EXERCISE GOAL: Output, exactly as written, the lines below starting at the line containing "Šmitam zema precizitāte, Efes" and ending at the line containing "Photo '9' of Toyota Hilux". Drop the pictures and keep both end lines.

INPUT DATA:
════════════════

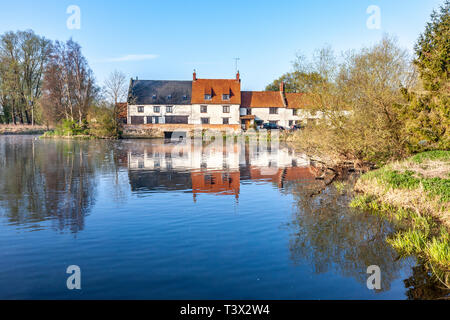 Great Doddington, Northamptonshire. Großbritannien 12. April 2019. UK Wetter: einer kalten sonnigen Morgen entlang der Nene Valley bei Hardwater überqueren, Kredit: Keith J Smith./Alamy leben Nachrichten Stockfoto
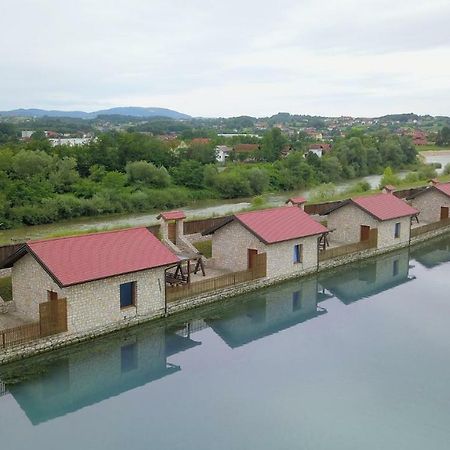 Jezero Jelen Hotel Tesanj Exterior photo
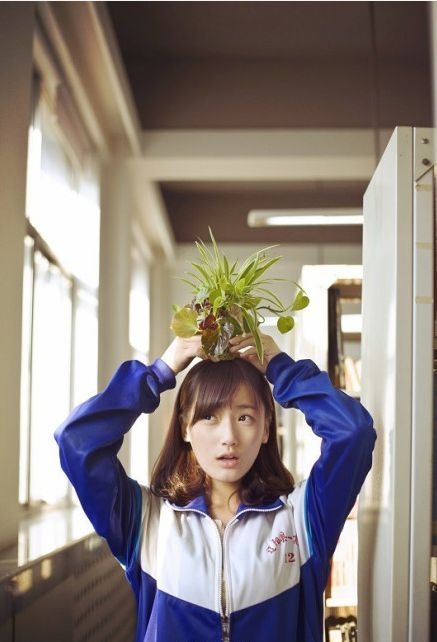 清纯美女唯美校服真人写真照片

════════════════

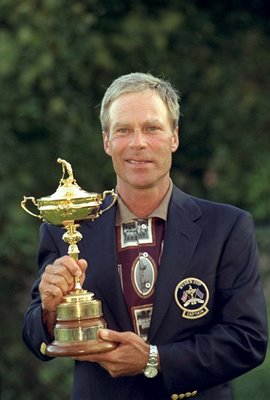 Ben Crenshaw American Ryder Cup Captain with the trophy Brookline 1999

════════════════

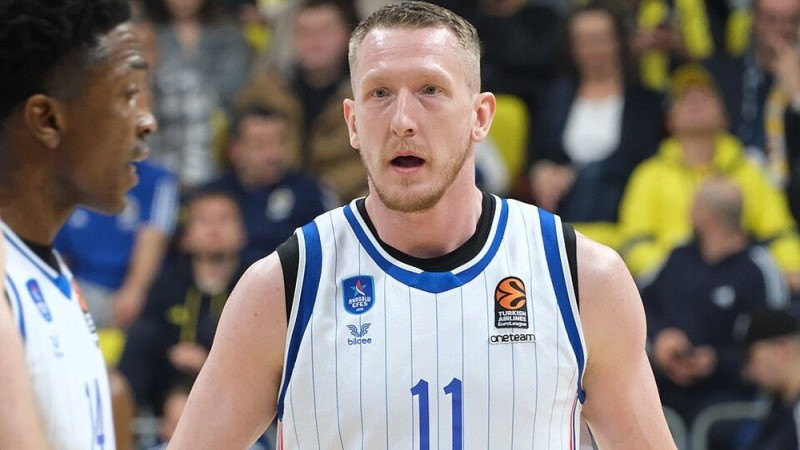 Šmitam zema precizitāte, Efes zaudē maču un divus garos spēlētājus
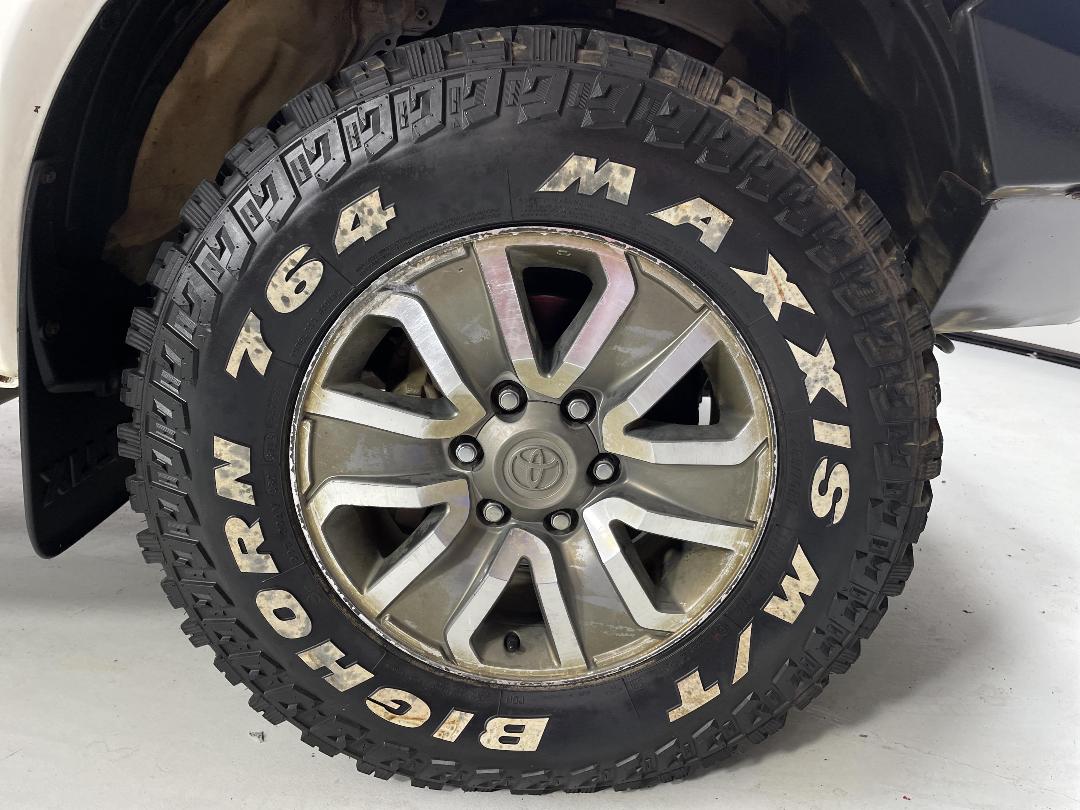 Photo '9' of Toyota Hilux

════════════════

WRITTEN SOLUTION:
 Šmitam zema precizitāte, Efes zaudē maču un divus garos spēlētājus
 Photo '9' of Toyota Hilux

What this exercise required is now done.